First Samuel records the establishment of Israel’s monarchy, about 1085 BC. Samuel led Israel for many years in the combined roles of prophet, priest, and judge. After the people demanded a king like those of the other nations (ch. 8), God directed Samuel to anoint Saul as Israel’s first king. When Saul turned from God, David was anointed by Samuel to succeed him. After David killed the giant Goliath, he was brought to Saul’s court, eventually becoming the leader of Saul’s armies. Saul’s subsequent violent jealousy forced David to flee. The book closes with Saul’s death in battle, and looks forward to David’s reign. First Samuel’s author is unknown, but Samuel himself may have written portions of the book (1 Chronicles 29:29).
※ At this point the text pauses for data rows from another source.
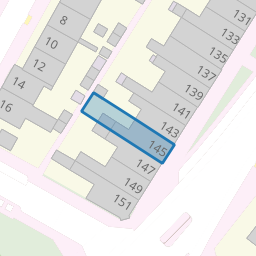 Perceel LDN01-M-3239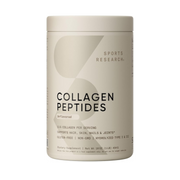 COLÁGENO SPORT RESEARCH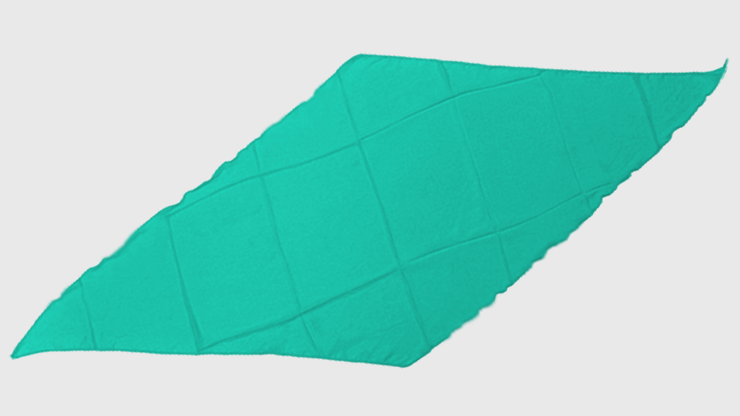 Diamond Cut Silk 18 inch
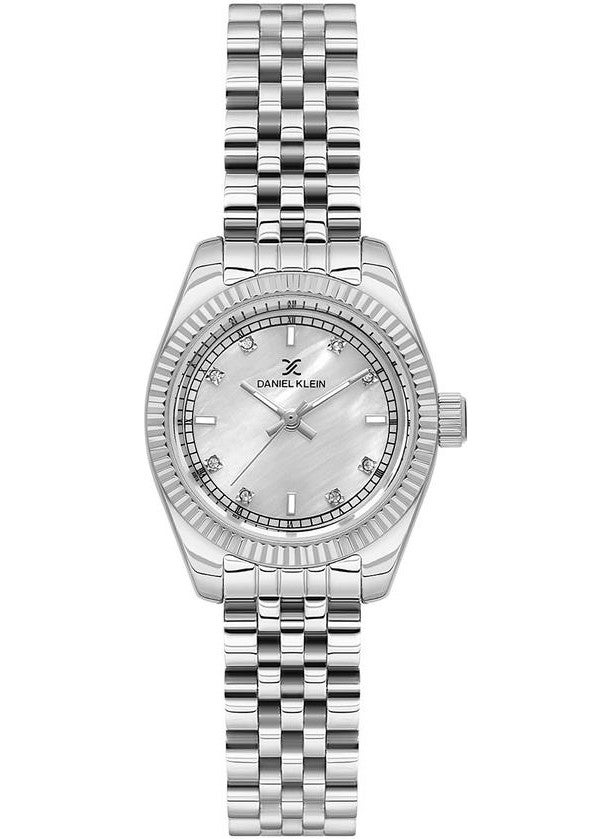 DANIEL KLEIN DK102-DKE.1.10662-1 Metal Women's Wristwatch  - Image 1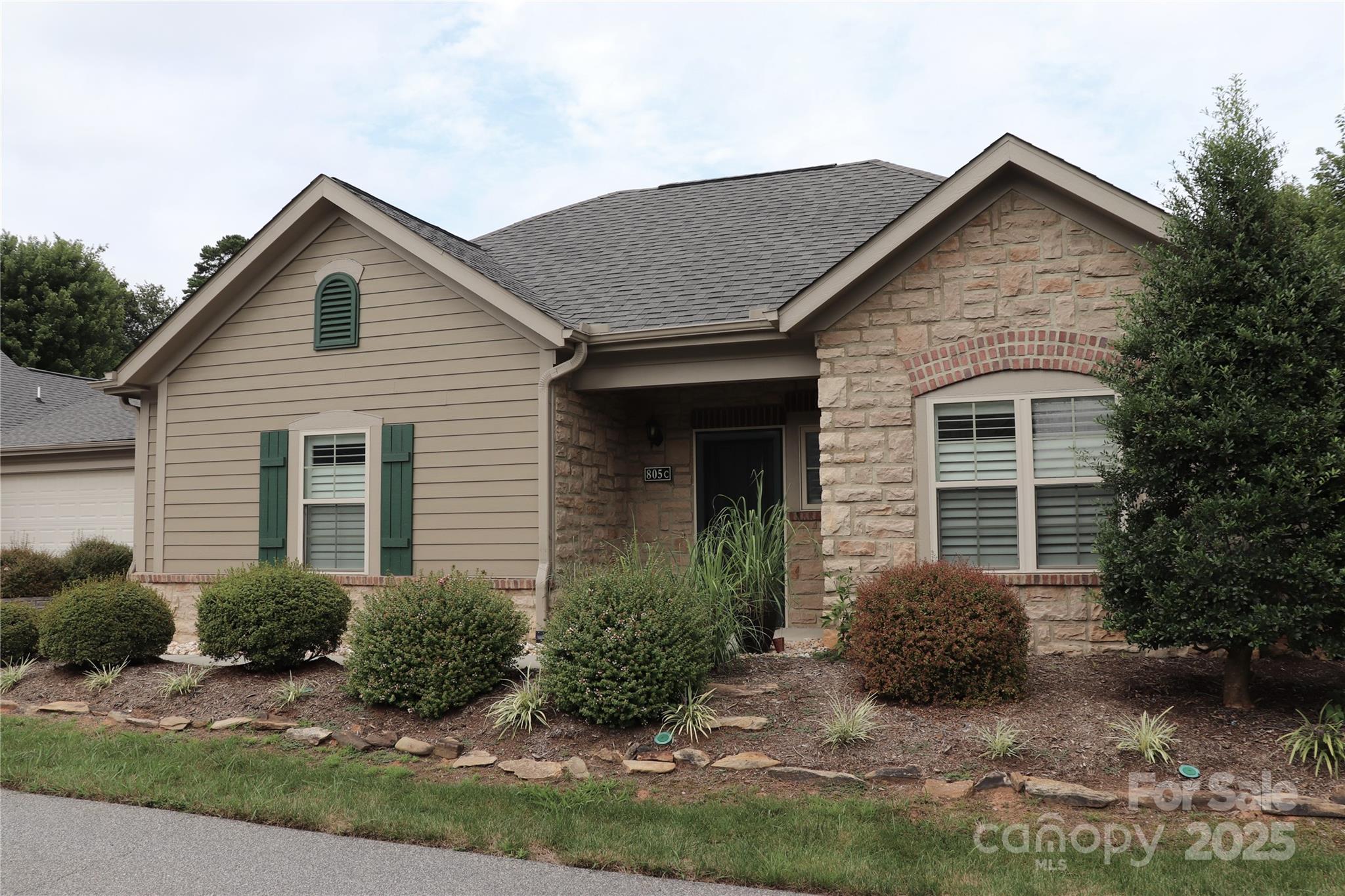 805C Wynnshire Drive Unit: C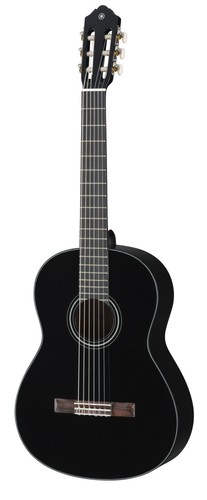 Guitare concert yamaha - guitare, de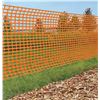 Image 1 : DH Line Orange Plastic Fence 4' x 50'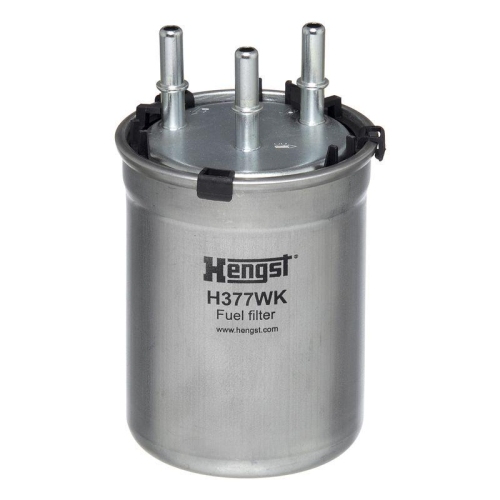 Fuel Filter Hengst Filter H377WK for Vag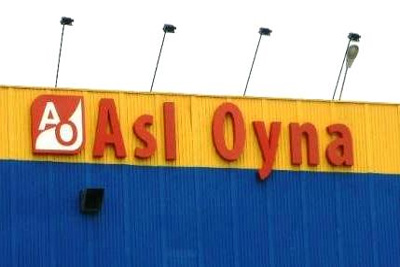 Чистая прибыль ОАО «Асл Ойна» в 2011 г. достигла 339,483 млн. сумов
"An Introduction to Second Samuel"
Second Samuel recounts David’s reign as king of Israel (about 1010-970 BC). As promised to Abraham, during David’s reign Israel’s borders were extended roughly from Egypt to the Euphrates. While David had many successes, after his sin against Bathsheba and Uriah (ch. 11) both his kingdom and his own family fell into chaos. His son Absalom led a bloody rebellion against him. Nevertheless David, author of many of the Psalms, was a man after God’s own heart (Acts 13:22), a model of deep, heartfelt prayer and repentance. The Davidic covenant of chapter 7 establishes the eternal rule of David’s line, with its ultimate fulfillment in the coming of Jesus Christ. The author of 2 Samuel is unknown.